The history of debt is a vast and consequential topic that remains understudied. So there is no way this book could live up to its title. Much work remains to be done before anyone could produce a satisfying summary of debt history in 400 pages, if that will ever be possible. Graeber’s book is however a remarkably original achievement, and even the hubric title is well chosen. The ultimate value of this work depends on its reception, and whether it becomes a departure for further critiques and research. Hopefully this book will someday be re-written in several volumes, but this is a good start for now.
In typical anthropological style, Graeber assembles a hodge podge of loosely connected aspects. He plays conversationally with empirical data, philosophical ideas, and polemical arguments – what you might call transitional ethology. Sometimes these aspects don’t sit comfortably together, but that discomfort seems intentional. This is a history of problematic entanglements, and the author is not afraid to get himself tangled up in the problem. His polemics are concise and fall within the expected norms of humanist academia.

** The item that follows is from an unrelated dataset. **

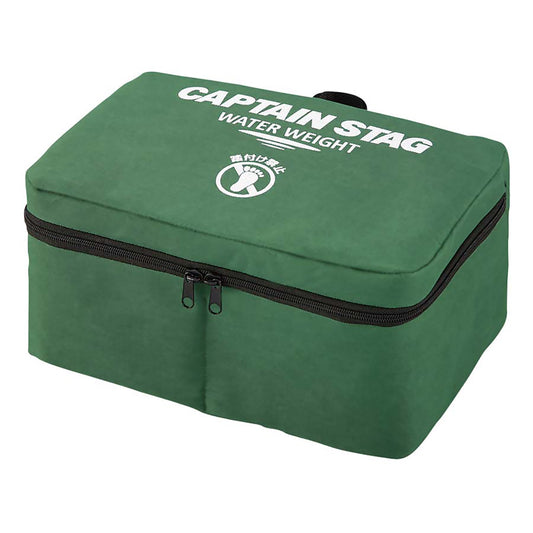 Water Weight 10kg (M-3399) - Captain Stag
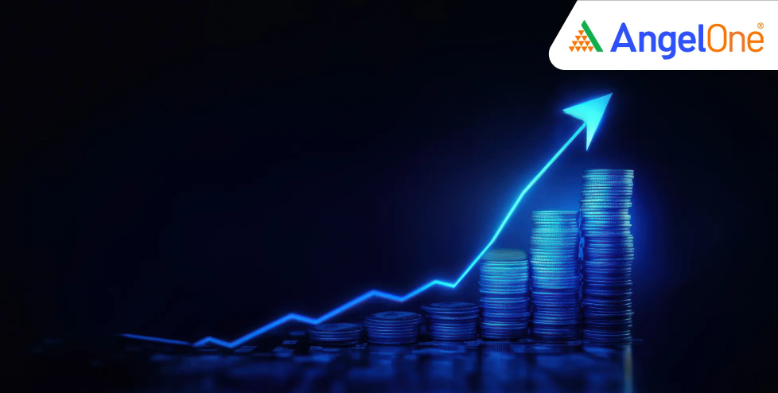 Standard Chartered Rolls Out $1.5 Billion Buyback Amid Softer Trading Income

He advances a criticism of economics in the tradition of Marcel Mauss. The book begins by debunking the myth of original barter that founds classical economics. He claims that mythology obscures the universality of credit systems. So primitives do not barter one thing for another, they keep tabs. This elegantly establishes the conceptual key for the history that follows. In a later chapter, he locates the discipline of economics historically, examining the classical theories as they fit into social transformations. His critique highlights the economist’s zero-sum models of exchange, which he links with the use of national currencies based on metals, and with philosophical materialism. So this is a history of the ontology of transactions in broad strokes.

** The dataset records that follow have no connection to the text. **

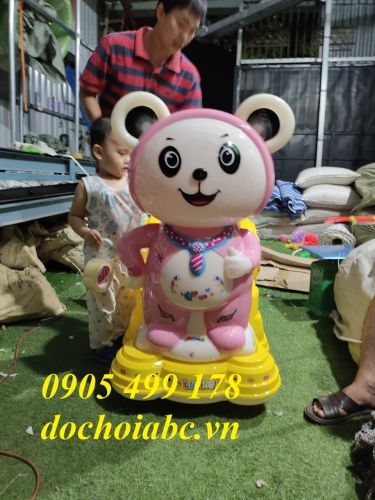 z2567597809462_0d1b63212381f47c2158909a98360776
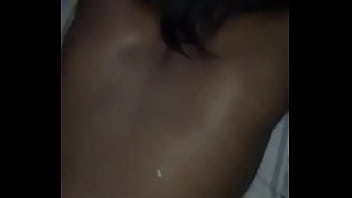 Preview 4 of Table Woman Fisting Video - I let my Best friend fuck my bf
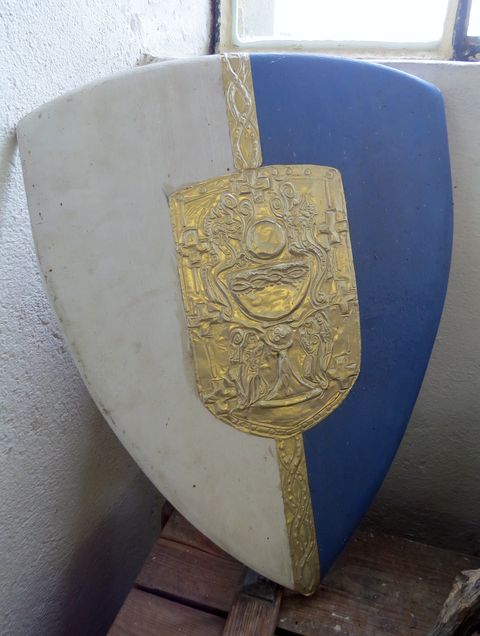 57cirq21 5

In the early chapters, he distinguishes three kinds of human relations – hierarchy, communism, and exchange. These terms have no moral values when he writes analytically, but they suddenly take on a political sense when he becomes polemical. The oscillation in the sense of these terms – between conceptual analysis and moral critique – is a remarkable feature of contemporary anthropology. Graeber is writing in the Maussian tradition that disparages the neutrality of monetary exchange relations, and favors the generosity and compassion of organic communities. His moral criticism emphasizes how humans are “ripped out” from communities into neutral exchange relations. He analyzes the extraction of slaves in the early modern period, and attempts to link this extraction with the zero-sum models of exchange in economics.

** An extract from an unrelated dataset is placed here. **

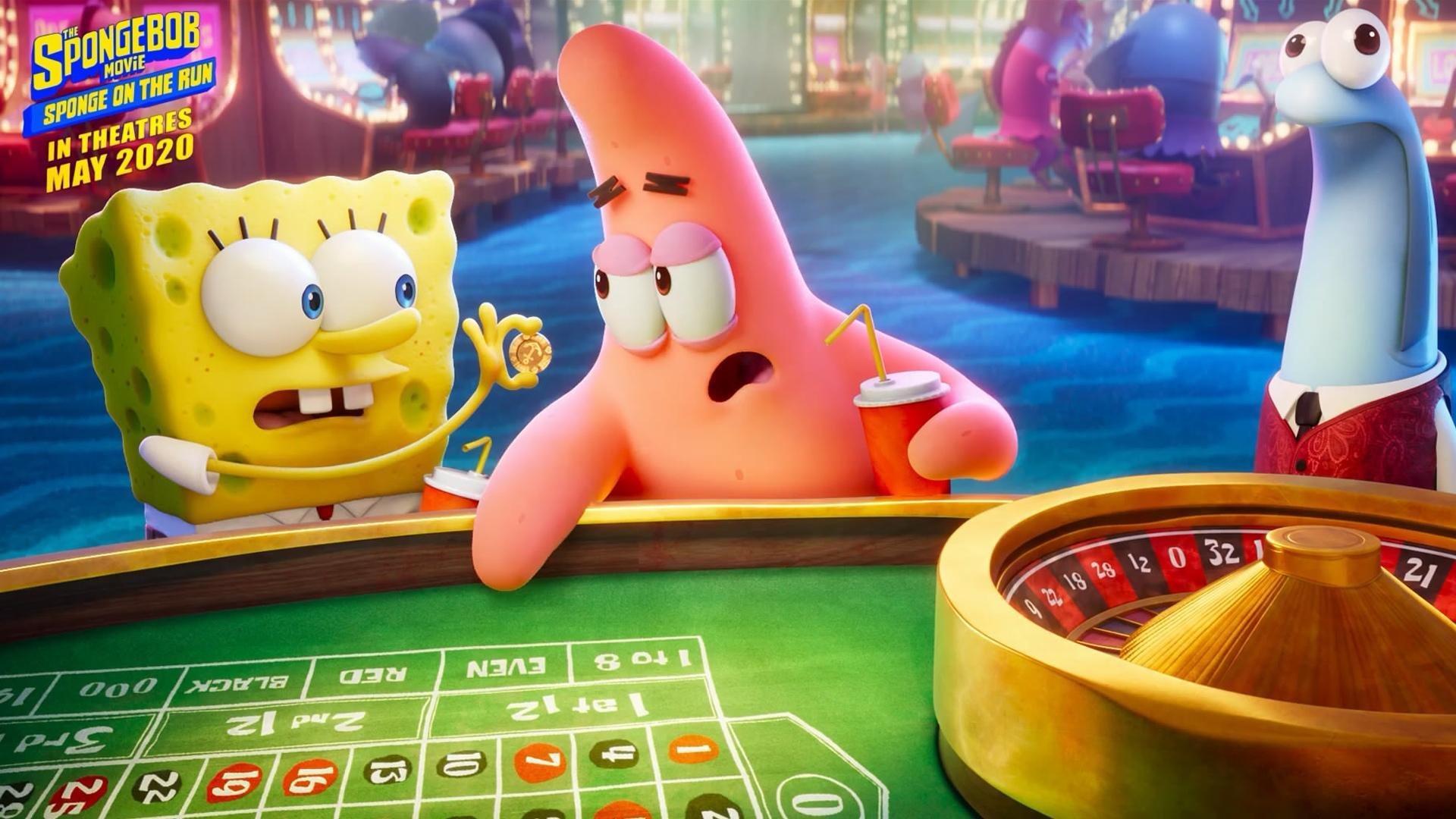 中国足球对抗模式与裁判尺度适配分析，中国足球国家对对员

The term “human economy” is introduced to distinguish primitive currencies (shells, feathers etc.) from national metal-based currencies. Primitive currencies are apparently not used for the exchange of everyday commodities, but rather are exclusively used in the transaction of humans. Shells and such objects are used for the exchange of wives between villages and to settle disputes. And he says these are not actually even payments, but symbolic gestures that indicate something is owed – they are insufficient payments because humans are without price. A village receiving a woman may give some shells to the village she comes from, but those tokens will be returned when a woman moves in the opposite direction. So these are less like modern currencies, and more like a system of debt accounting. Or the shells might be given to the victims of a serious violation by the family of the perpetrators, indicating that something is owed to them. These primitive currencies can be used in this way to mitigate the danger of blood feuds. But they are not used to buy shoes or bars of soap, which he says villagers purchase on credit. The author provide many fascinating and suggestive examples, but lots remains to be said about how these human economies interfere with systems based on currency calculation.
I am inclined to call Graeber a ludic moralist. He dislikes the cold calculation associated with modern metal-based currency, and favors the playful reciprocity of informal credit systems. The problem is that currency allows for precise calculations where relationships gets cancelled out to zero. When payments are made in exact amounts, then transactions gets completed, and there is no further relation between the participants. Whereas, in traditional credit systems, when values were not represented in currency, there would always be some outstanding debt, and so relations would continue. So in this way it would seem that Greaber prefers debt to currency, though not when debts are calculated in currency.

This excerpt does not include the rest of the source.